Valivade was developed on the lines of a typical independent Polish village where the refugees lived and around 78 people who died were laid to rest in the Polish Cemetery still present there.
On Saturday, there was loud applause and cheers as Danuta, a 93-year-old Polish woman had a warm and emotional reunion with her childhood hockey playmates B. S. Shinde, 87, and D. B. Jadhav, 88.
"They pointed out each other in a faded yellow photograph of their hockey teams of that era and even playfully argued a bit about their correct identity! It was a poignant sight and will be cherished by the people of Kolhapur for long," said local resident Dhananjay Jathar.
Around 20 Polish people who had lived in Valivade as young children during those harrowing days, have come to India to commemorate the 80th anniversary of WW-II and attend the Memorial Pillar inauguration.
The dignitaries also visited the proposed site of the first-ever Memorial Museum which will come up here in Valivade.
"Let the Memorial Museum be a place where everyone can be enriched by the love and humanity shown to the Polish by the people of Kolhapur. I thank the Poles in India for keeping the memories alive," said Przydacz.
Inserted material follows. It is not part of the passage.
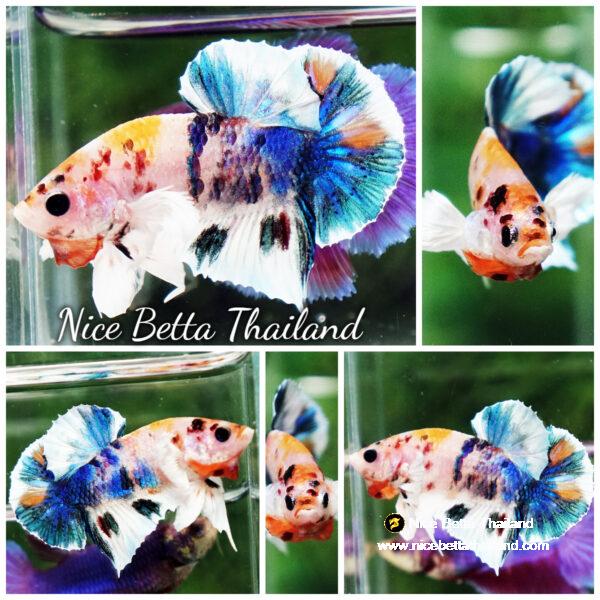 Betta fish HMPK Prince of Candy Yellow base Dumbo by Nice Betta Thailand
"'The Little Poland', while maintaining its distinct identity, coalesced with the local culture and community. I was pleasantly surprised when a Polish parliamentarian addressed me as 'Maharaj'. The Memorial Museum being set up will keep those memories alive," said Sambhajiraje Chhatrapati, Rajya Sabha MP and 13th direct descendent of Chhatrapati Shivaji Maharaj.
Other dignitaries present on the occasion were Poland's Ambassador to India Adam Burakowski, President of Poles in India Andrzej Chendynski, Maharashtra's Guardian Minister for Kolhapur Chandrakant Patil and and a large number of locals.